#### Brief
Copy the material below verbatim from the line with "mk3 xr3i|Ford Escort III 1.6 XR3 Specs" to the line with "Jumbo Dinosaur Floor Puzzle T-Rex", both lines included, omitting pictures and every line outside that range.

───── Extracted entries ─────

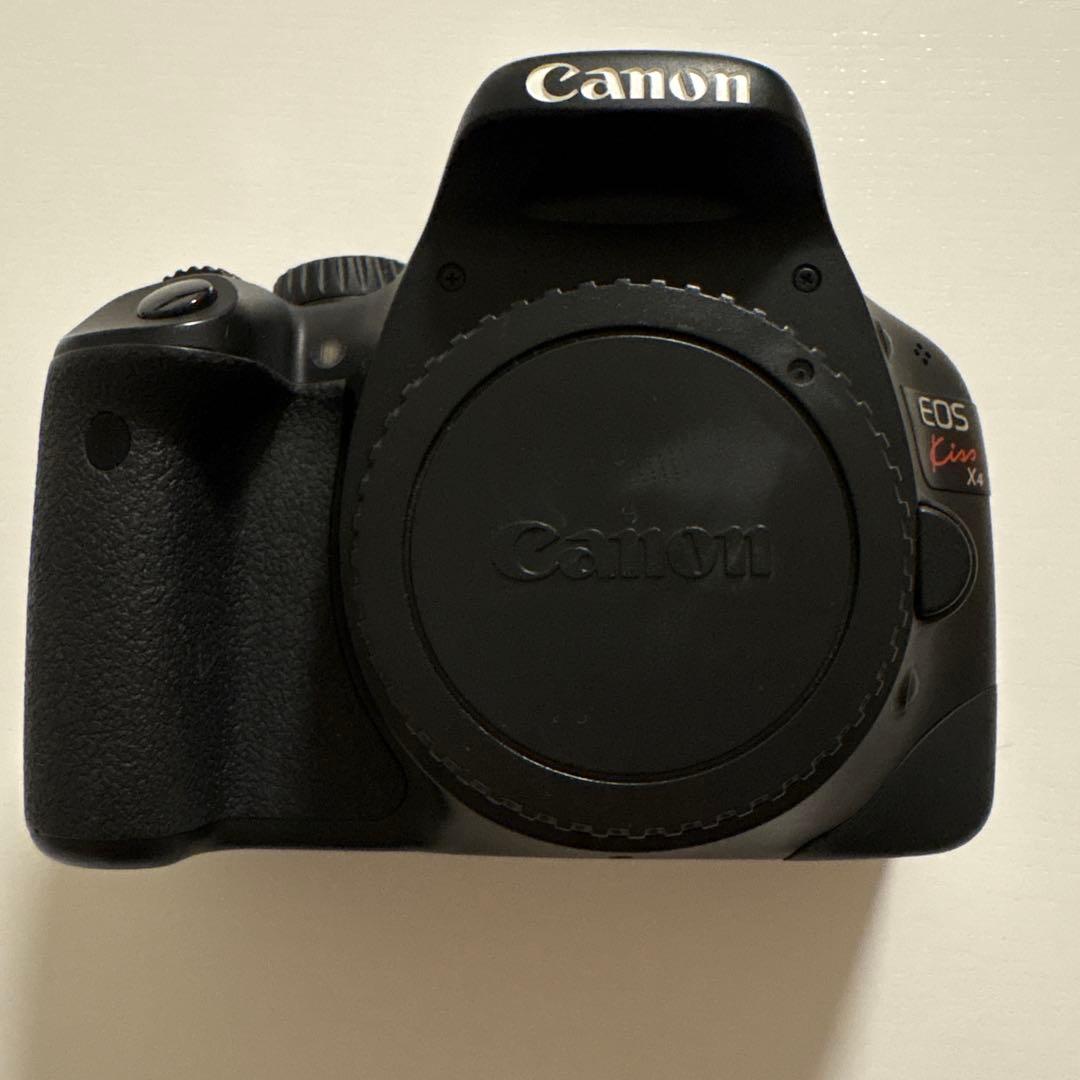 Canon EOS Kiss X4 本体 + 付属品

─────
───── Extracted entries ─────

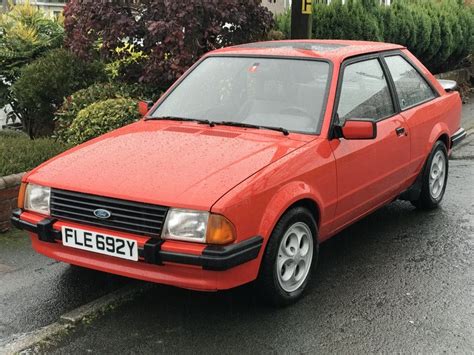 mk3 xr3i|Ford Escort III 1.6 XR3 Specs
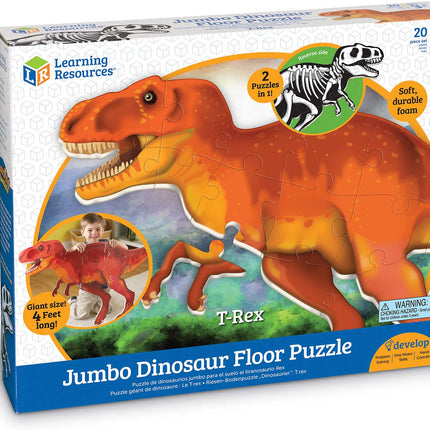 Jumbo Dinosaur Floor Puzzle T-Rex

─────

#### Exercise solution
 mk3 xr3i|Ford Escort III 1.6 XR3 Specs
 Jumbo Dinosaur Floor Puzzle T-Rex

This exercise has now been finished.